• **Working data**:

┌────────

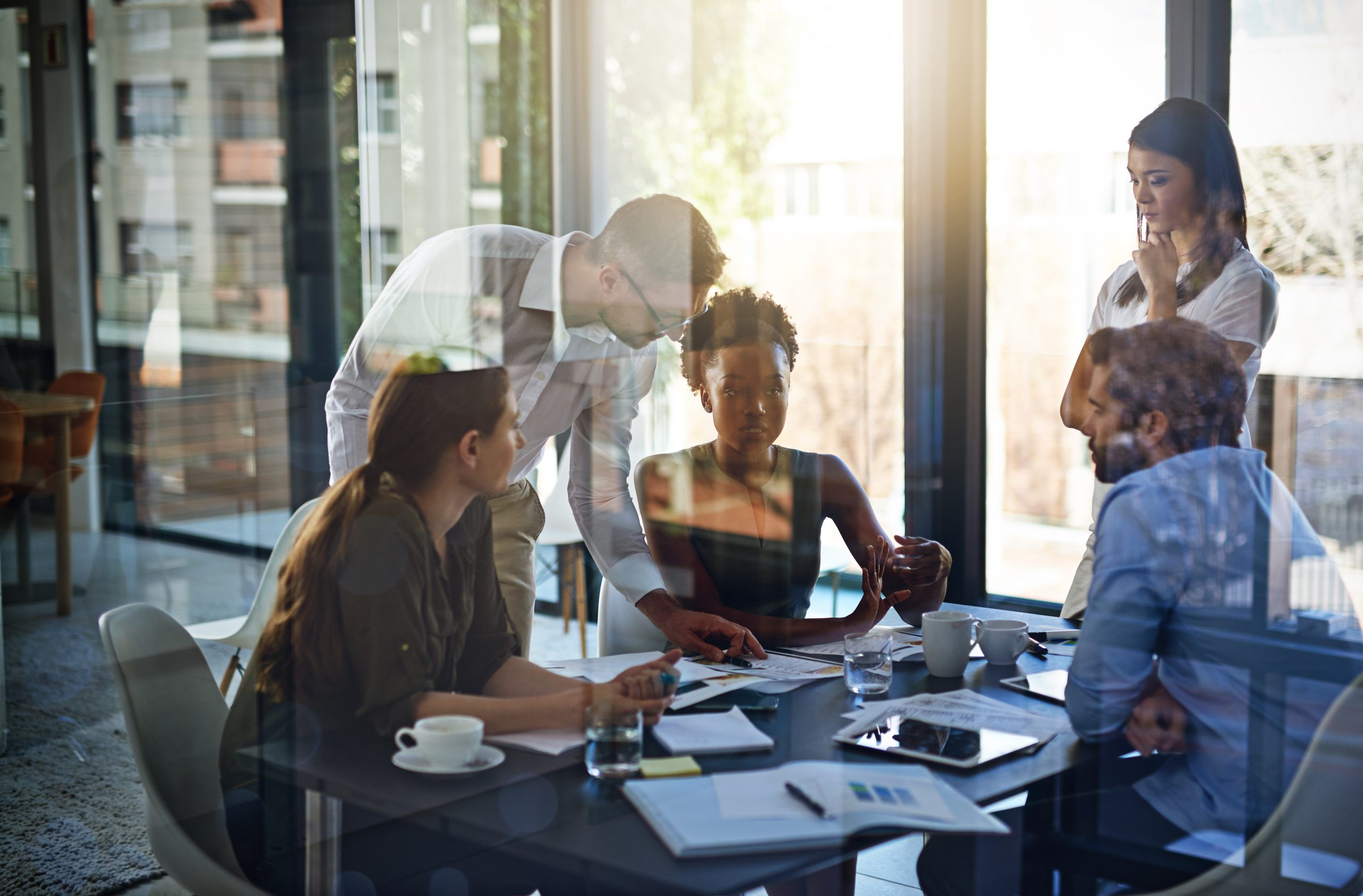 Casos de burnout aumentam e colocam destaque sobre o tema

└────────
┌────────

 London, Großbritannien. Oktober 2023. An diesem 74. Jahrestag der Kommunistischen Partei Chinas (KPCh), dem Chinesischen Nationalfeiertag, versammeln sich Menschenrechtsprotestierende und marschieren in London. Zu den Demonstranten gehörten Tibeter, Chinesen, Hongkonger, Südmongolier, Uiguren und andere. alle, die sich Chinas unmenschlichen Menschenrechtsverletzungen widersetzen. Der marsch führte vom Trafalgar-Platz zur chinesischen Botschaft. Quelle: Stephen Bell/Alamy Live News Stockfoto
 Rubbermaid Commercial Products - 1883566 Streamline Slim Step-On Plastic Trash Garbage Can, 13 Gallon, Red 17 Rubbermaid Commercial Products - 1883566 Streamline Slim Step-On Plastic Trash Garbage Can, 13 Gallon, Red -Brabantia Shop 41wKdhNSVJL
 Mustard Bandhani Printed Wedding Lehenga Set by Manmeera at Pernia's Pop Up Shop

└────────
┌────────

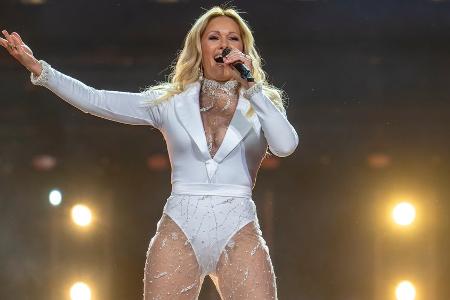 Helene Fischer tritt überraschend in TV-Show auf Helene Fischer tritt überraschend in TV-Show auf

└────────

• **Problem details**: In the entries above, find the line with "-Brabantia Shop 41wKdhNSVJL" and the line with "Mustard Bandhani Printed", then set down exactly those two and every line between them, nothing else.

• **Solution for this problem**:
 Rubbermaid Commercial Products - 1883566 Streamline Slim Step-On Plastic Trash Garbage Can, 13 Gallon, Red 17 Rubbermaid Commercial Products - 1883566 Streamline Slim Step-On Plastic Trash Garbage Can, 13 Gallon, Red -Brabantia Shop 41wKdhNSVJL
 Mustard Bandhani Printed Wedding Lehenga Set by Manmeera at Pernia's Pop Up Shop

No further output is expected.